• TASK GOAL:
All of the listing is to be written out word for word, with the pictures left out.

• SUPPLIED INFORMATION:
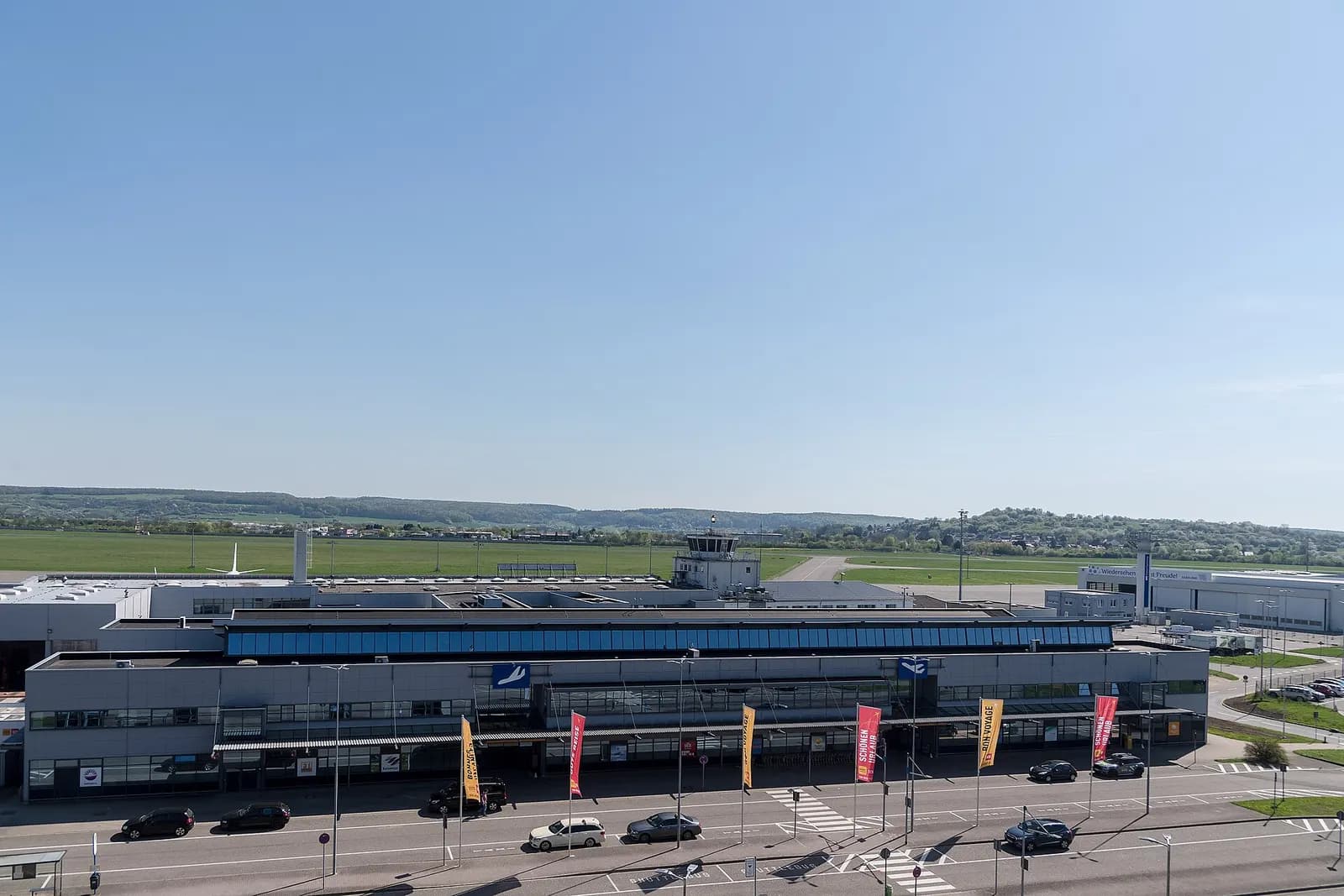 Front elevation of Saarbrücken Airport terminal from the landside curb.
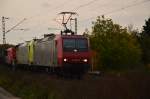 Ein RHC Zug bestehten aus der 145 084-0, die 119 007-2, 271 057-4 und die 185 631-9 und jedemenge Kesselwagen in Richtung Neuss am Fotografen vorbei gefahren.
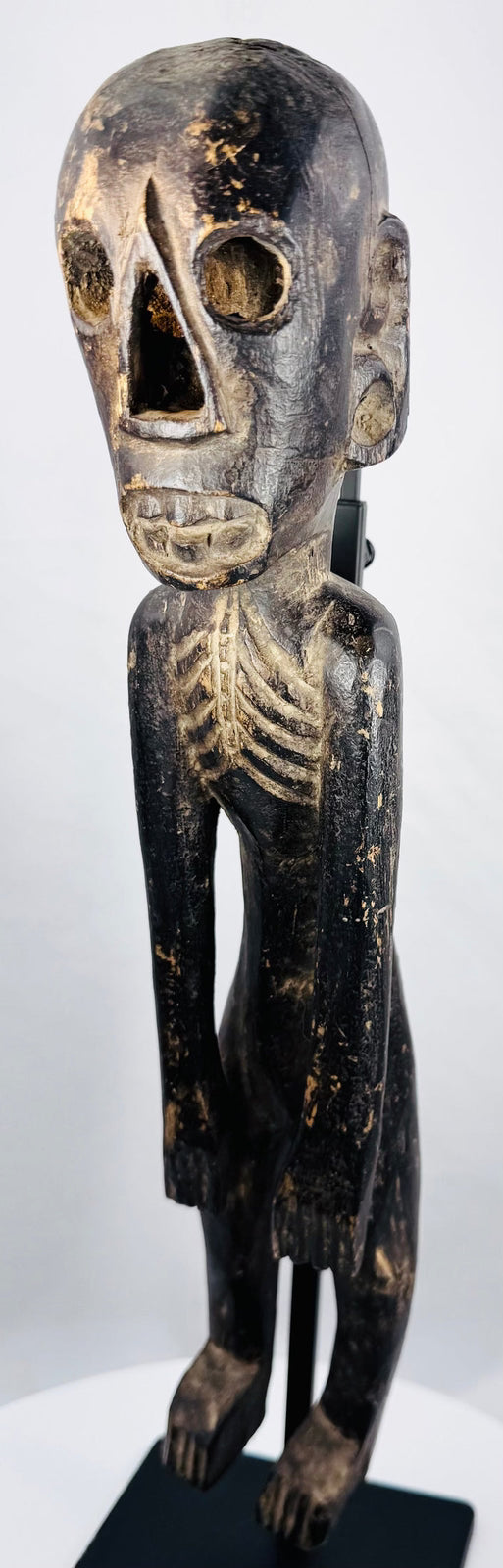 Detailed view of carved skeletal torso and rib cage on Rapa Nui-inspired wooden figure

• EXERCISE ANSWER:
 Front elevation of Saarbrücken Airport terminal from the landside curb.
 Ein RHC Zug bestehten aus der 145 084-0, die 119 007-2, 271 057-4 und die 185 631-9 und jedemenge Kesselwagen in Richtung Neuss am Fotografen vorbei gefahren.
 Detailed view of carved skeletal torso and rib cage on Rapa Nui-inspired wooden figure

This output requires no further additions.